Third Party Copy

Deployed

LHC data is constantly beign moved between computing and storage sites to support analysis, processing, and simluation; this is done at a scale that is currently unique within the science community. For example, the CMS experiment on the LHC manages approximately 200PB of data and, on a daily basis, moves 1PB between sites. Across all four experiments, the global data movement is regularly peaks above 250Gbps in 2021 – and this was without the LHC accelerator taking new data!

The HL-LHC promises a data deluge: we will need to modernize the infrastructure to sustain at least 1Tbps by 2027 and, likely, peeking at twice that level. Historically, bulk data movement has been done with the GridFTP protocol; as the community looks to the increased data volumes of HL-LHC and GridFTP becomes increasingly niche, there is a need to use modern software, protocols, and techniques to move data. The IRIS-HEP DOMA area - in collaboration with the WLCG DOMA activity - is helping the LHC (and HEP in general) transition to using HTTP for bulk data transfer. This bulk data transfer between sites is often referred to ``third party copy” or simply TPC.

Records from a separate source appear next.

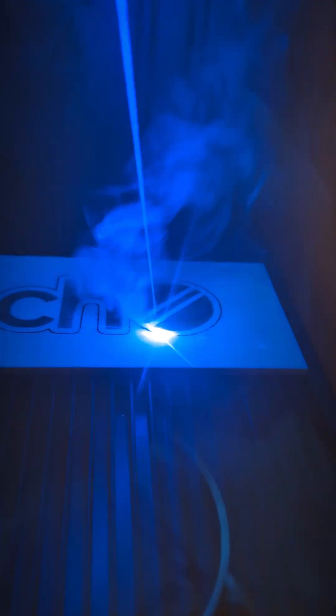For the cut we're going to run it at a hundred percent power, 20 millimeters a second and four passes to make sure we get through.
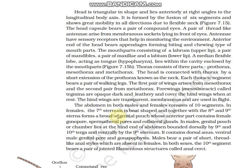The abdomen in both males and females consists of ten segments. In females, the seventh sternum (ventral side) is boat-shaped, and together with the eighth and ninth sternums forms a brood or genital pouch called the genital chamber. Its anterior part contains female gonopores, spermathecal pore, and collateral glands. In males, the genital chamber lies at the hind abdominal region, bordered dorsally by the 9th and 10th tergae and ventrally by the 9th sternum, containing the dorsal anus and ventral male genital pore. Males bear a pair of short thread-like anal styles, which are absent in females. In both sexes, the 10th segment bears anal cerci.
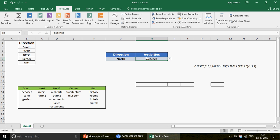Next time if your interviewer asks how many ways you can create dynamic drop-downs, you can tell them you can use both the INDIRECT and the OFFSET function. That's it for now — we'll talk about something more exciting in the coming videos. If you haven't subscribed to the channel, please subscribe. Thank you so much for watching.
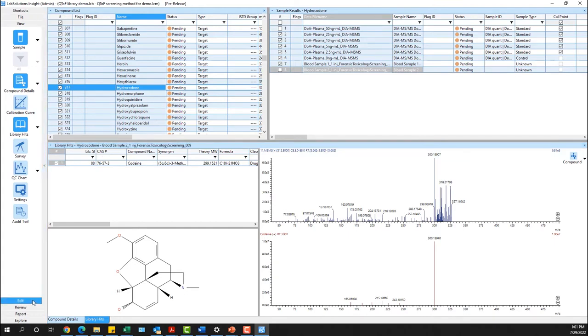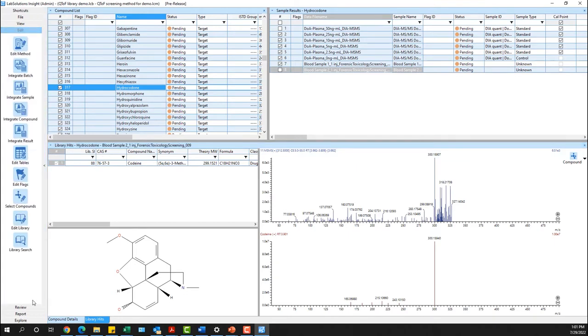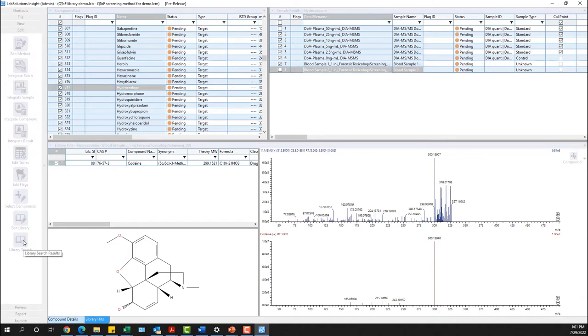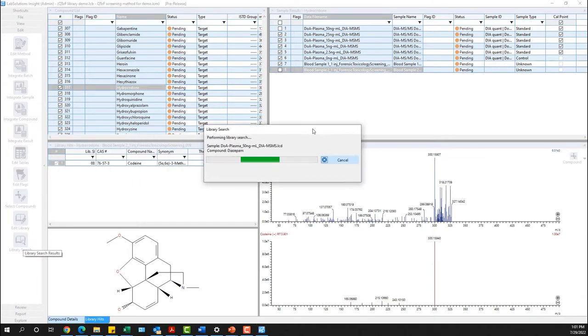The last workflow, and most common, utilizes the library search icon and will search all compounds in all samples one time.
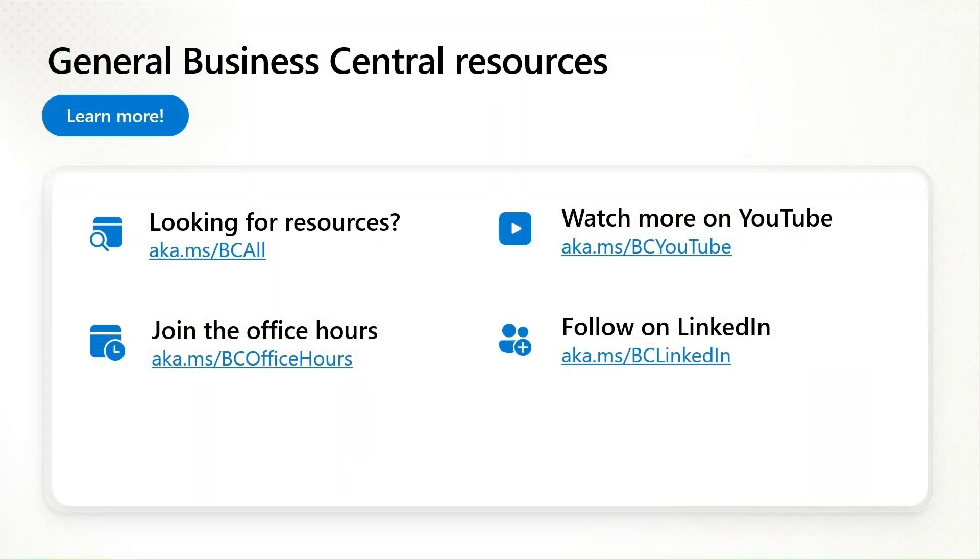You will find more information about Copilot Studio and Business Central under those links. And with that I would like to thank you very much.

The first phase of bulk data transfer modernization is the switch from GridFTP to HTTP for TPC. The last milestone for the protocol switch project was achieved with the successful completion of the WLCG Data Challenge in October 2021. Subsequently, both CMS and ATLAS have declared that supporting GridFTP is optional (some sites, like UCSD, have already decommissioned their endpoints) and IRIS-HEP is focusing on token-based authorization of transfers for Year 5 of the project.

Data Challenge 2021

Throughput achieved per protocol during the 2021 Data Challenge. The "davs" series represents the use of HTTP-TPC and the WebDAV protocol.

In the following one can read about the different milestones established for this project and how and when they were achieved.

How fast is HTTP?

The above graph shows data movement rates (up to 24Gbps) for a single host, achieved during standalone tests; a typical LHC site will load-balance across multiple hosts in order to saturate available network links. With a sufficiently performant HTTP server, we have observed the protocol can go as quickly as the underlying network infrastructure.

During the development phase of IRIS-HEP, the team worked with a variety of implementations to improve code and ensure interoperability. The first goal was to get all commonly-used storage implementations for the LHC to provide an HTTP endpoint. Initially, the goal was set to get one site to get more that 30% of its data using the HTTP protocol. This was accomplished in 2020; for 2021, the goal is to have every LHC site to use HTTP-TPC.

For CMS, we picked 2 sites, Nebraska and UCSD, to be the ones leading the transition by using the HTTP-TPC protocol for all their incoming production transfers from the many sites which can support such protocol.

Percentage of data transferred to UCSD using GridFTP and HTTP

The above shows the amount of data transferred to UCSD using the GridFTP protocol with respect to HTTP during July 2020.

The next goal was to have a single site having 50% of all its data being transferred via HTTPS.

Percentage of data transferred to/from Nebraska via HTTPS vs non-HTTPS

The above shows the amount of production data transferred to and from Nebraska using HTTPS with respect to non-HTTPS during April 2021.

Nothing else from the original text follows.